§ Directions for this task
Please set down exactly the lines of the listing below from the line containing "Sparkle Away Pink" through the line containing "Balenciaga Balenciaga Track", both lines included, leaving out all other lines.

§ Material provided

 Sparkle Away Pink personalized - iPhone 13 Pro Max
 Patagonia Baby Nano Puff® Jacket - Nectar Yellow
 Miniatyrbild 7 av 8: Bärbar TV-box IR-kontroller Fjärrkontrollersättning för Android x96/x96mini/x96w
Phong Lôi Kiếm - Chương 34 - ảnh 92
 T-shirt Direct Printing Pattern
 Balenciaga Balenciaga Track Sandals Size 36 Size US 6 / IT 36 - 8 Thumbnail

...

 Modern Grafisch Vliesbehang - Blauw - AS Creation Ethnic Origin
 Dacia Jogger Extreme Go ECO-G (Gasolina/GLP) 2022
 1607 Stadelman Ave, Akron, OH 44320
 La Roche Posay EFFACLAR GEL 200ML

§ Output for this exercise
 Sparkle Away Pink personalized - iPhone 13 Pro Max
 Patagonia Baby Nano Puff® Jacket - Nectar Yellow
 Miniatyrbild 7 av 8: Bärbar TV-box IR-kontroller Fjärrkontrollersättning för Android x96/x96mini/x96w
Phong Lôi Kiếm - Chương 34 - ảnh 92
 T-shirt Direct Printing Pattern
 Balenciaga Balenciaga Track Sandals Size 36 Size US 6 / IT 36 - 8 Thumbnail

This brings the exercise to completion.